Don’t get your hopes up for better video poker paytables: Caesars Entertainment isn’t really parting with any assets. The sale in question involves the transfer of assets from one Caesars subsidiary to another. The Cromwell and Bally’s, along with Harrah’s New Orleans and The Quad (formerly Imperial Palace) are being spun off from Caesars Entertainment Operating Co. to Caesars Growth Partners, itself a publicly traded spinoff of Caesars Entertainment. The operating company (Big Caesars, if you will) gets at least $1.8 billion in much-needed cash from Caesars Growth Partners (which, for the purposes of this answer, we'll refer to as Little Caesars, at the risk of causing any unwanted confusion with the long-defunct diminutive Strip property or the pizza chain), while the latter improves its asset portfolio. It also assumes $185 million of Big Caesars’ debt and $223 million in property improvements. The parent company has said it will use some of the sale proceeds – maybe – to help retire its $21 billion debt.
Big Caesars will continue to manage Little Caesars' assets (which also include Planet Hollywood and its online division, which includes the WSOP brand) and pay itself a management fee. Less encumbered with debt than Papa, Little Caesars will also have an easier time borrowing money to pay for construction costs at the properties now under its banner, none of which can be sold for five years. It also has $3.2 billion in cash on hand.
It’s actually even more complicated than that, however. For instance, via an increasingly complicated series of contingencies, Big Caesars can buy up Little Caesars after another two years. Four to seven-and-a-half years out, Little Caesars is available on the open market, after which the assets revert to the parent company.
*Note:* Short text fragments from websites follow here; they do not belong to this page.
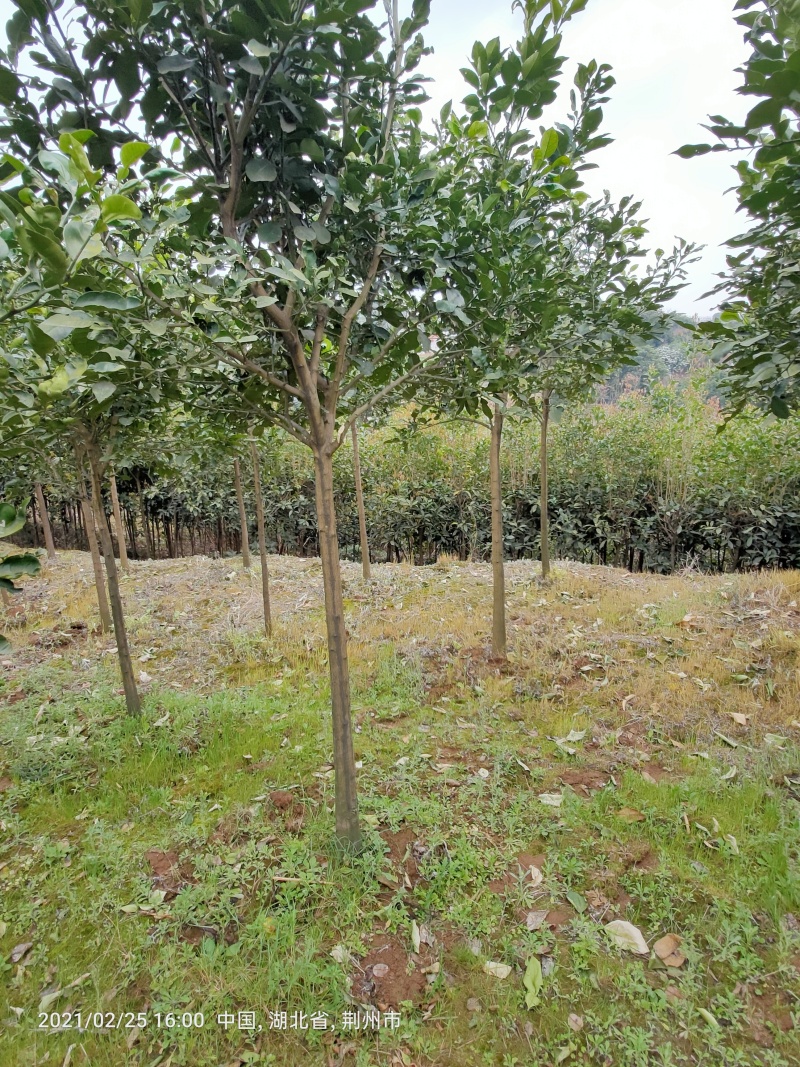 香泡树苗基地一手货源对接批发商采购商欢迎来电咨询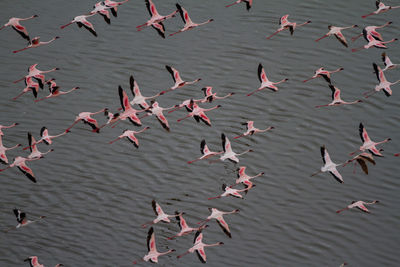 High angle view of birds in lake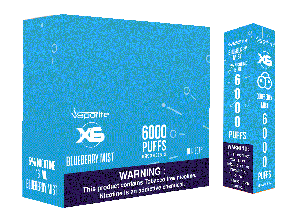 X6 Disposables-Blueberry Mist-6000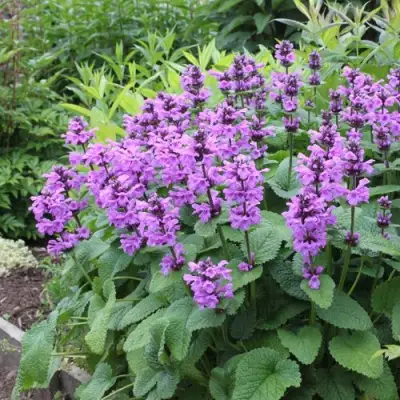 Буквица крупноцветковая в Слониме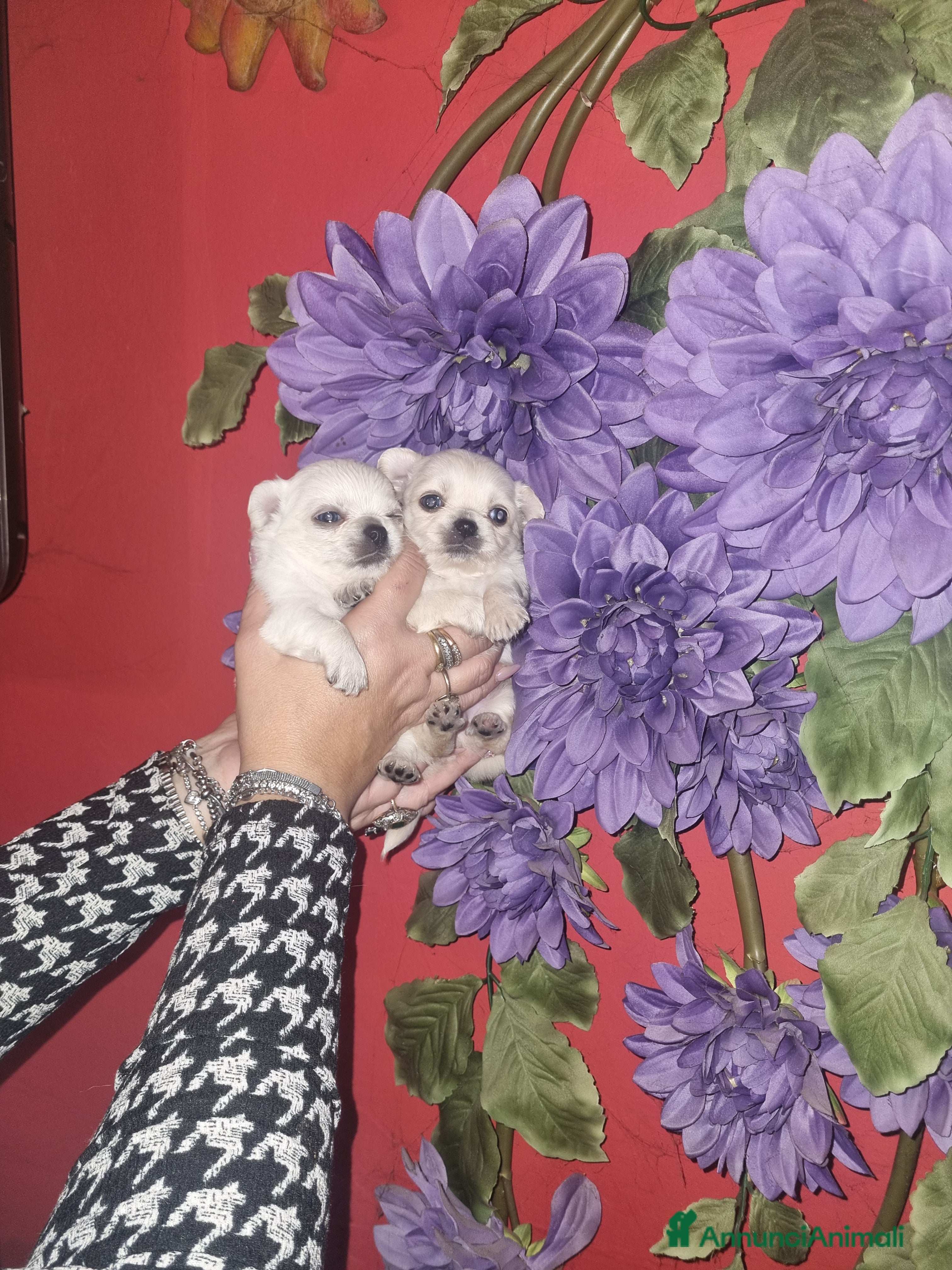 Chihuahua cani Cuccioli di chihuahua toy  - Annuncio 22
Confusing? It certainly is although unsurprisingly so, considering all the moving parts of the transaction. The bottom line for players is that The Cromwell and Bally’s aren’t going anywhere and your Total Rewards points are as good as ever at those properties. You could say the properties were sold in name only and not be too far from the truth. But we can’t promise you a better game of video poker at either one.